• **DATASET EXCERPT**
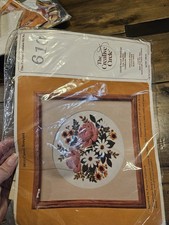 Creative Circle 0610 Classic Bouquet crewel embroidery kit floral wool NIP 1982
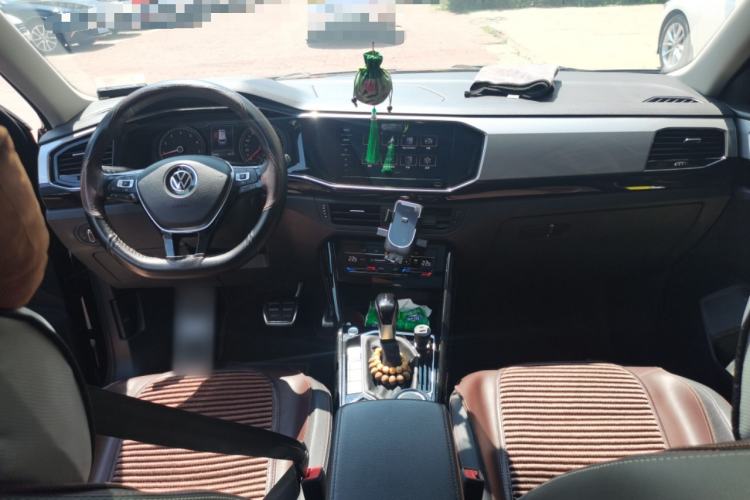 Used Volkswagen Tayron 2022 280TSI Two-Wheel Drive Luxury Smart Connectivity Version Center Console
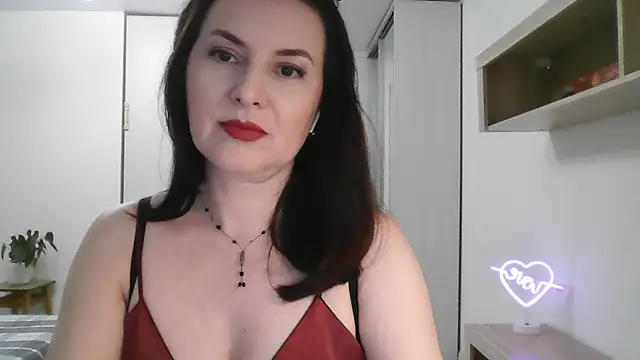 Victoria Glam online show from 1, 2, 2025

• **WHAT THE TASK ASKS**
Pictures are to be dropped, and the remaining data set down exactly.

• **EXERCISE ANSWER**
 Creative Circle 0610 Classic Bouquet crewel embroidery kit floral wool NIP 1982
 Used Volkswagen Tayron 2022 280TSI Two-Wheel Drive Luxury Smart Connectivity Version Center Console
 Victoria Glam online show from 1, 2, 2025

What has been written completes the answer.